We discussed the Tax Reform Act and Grecian Magnesite v Commissioner in the May edition of International Tax Review. The 2017 Tax Act added new Section 864(c)(8), providing that if a non-resident alien individual or foreign corporation owns, directly or indirectly, an interest in a partnership that is engaged in a trade or business within the US, gain or loss on the sale or exchange of all (or any portion of) such interest will be treated as income that is effectively connected with the conduct of a US trade or business (ECI). This is the end result that the IRS unsuccessfully advocated in Grecian, but the result the IRS wanted is now codified.
Determining the amount of taxable ECI gain or loss will present interesting issues under these new rules and likely will give rise to some surprises. The statute says the amount of gain or loss that is ECI is: (i) The portion of the partner's distributive share of the amount of gain or loss that would have been ECI, if the partnership had sold all of its assets at their fair market value as of the date of the sale or exchange of such interest; or (ii) Zero, if no gain or loss on such deemed sale would have been ECI.
First, the source of the hypothetical gain must be determined. Under section 865(i)(5), the section 865 source rules are applied at the partner level. In this case the partner will be a foreign person.
Under section 865(d), the gain on the deemed sale of intangibles likely initially will be foreign source income (although there is a special rule for goodwill that looks to where the goodwill was 'generated').
Section 865(e)(2) can cause the gain, initially treated as foreign source in the case of non-goodwill intangibles, to be characterised as US source income if it is 'attributable' to a US office of the foreign person under the principles of section 864(c)(5). See section 865(e)(3).
This was an issue addressed in Grecian Magnesite Mining, although in the context of the sale of a partnership interest, whereas under section 864(c)(8) it would need to be addressed in the context of the hypothetical sale by the partnership of all of its assets. In Grecian, the Tax Court expressed skepticism over attributing the partner's gain to a US office, although Grecian is on appeal.
Section 865(h) also provides a treaty election to characterise the gain on the sale of an intangible (including goodwill) that otherwise would be US source income as foreign source income if a treaty would apply to treat it as foreign source income. Perhaps any such treaty should override the Code without the need for the election if the treaty post-dates the enactment of section 865 (1986).

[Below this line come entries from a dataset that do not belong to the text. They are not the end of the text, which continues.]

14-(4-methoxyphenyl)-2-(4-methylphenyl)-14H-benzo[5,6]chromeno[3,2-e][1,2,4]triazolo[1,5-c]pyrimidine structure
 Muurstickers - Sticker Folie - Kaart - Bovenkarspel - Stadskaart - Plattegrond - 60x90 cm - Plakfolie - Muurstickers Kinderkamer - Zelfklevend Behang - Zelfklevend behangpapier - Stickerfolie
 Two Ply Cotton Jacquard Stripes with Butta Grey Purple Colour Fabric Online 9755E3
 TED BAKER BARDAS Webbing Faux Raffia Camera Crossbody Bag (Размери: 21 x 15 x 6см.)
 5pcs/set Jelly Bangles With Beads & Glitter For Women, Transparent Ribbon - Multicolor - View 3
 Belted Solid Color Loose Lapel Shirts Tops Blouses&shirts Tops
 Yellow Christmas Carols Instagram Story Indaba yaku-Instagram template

To the extent the gain on the hypothetical sale of the partnership's assets constitutes foreign source income, it would generally not constitute ECI. See section 864(c)(4). The flush language in section 864(c)(4)(B) (regarding gain equivalent to a royalty), however, should be considered, although if applicable, section 865(e)(2) would also need to be considered.
If the hypothetical gain is US source income from the sale of a capital asset, section 864(c)(2) provides rules to determine whether the gain is ECI. Other US source gain likely is ECI under section 864(c)(3).
Real property is subject to the Real Property Tax Act (FIRPTA), section 864(c)(8)(C).
As noted above, the gain on the sale of the partner's partnership interest is ECI to the extent it does not exceed the partner's distributive share of the deemed-sale ECI amount. Applying the rules discussed above, the hypothetical deemed-sale gain might be much smaller than initially expected.
Under recent IRS Notice 2108-29, If the partnership's calculations applying these rules showed that the partnership's effectively connected gain under section 864(c)(8) would be less than 25% of the total gain from the deemed sale of all of its assets, then the transferee is relieved of its withholding obligation under section 1446(f).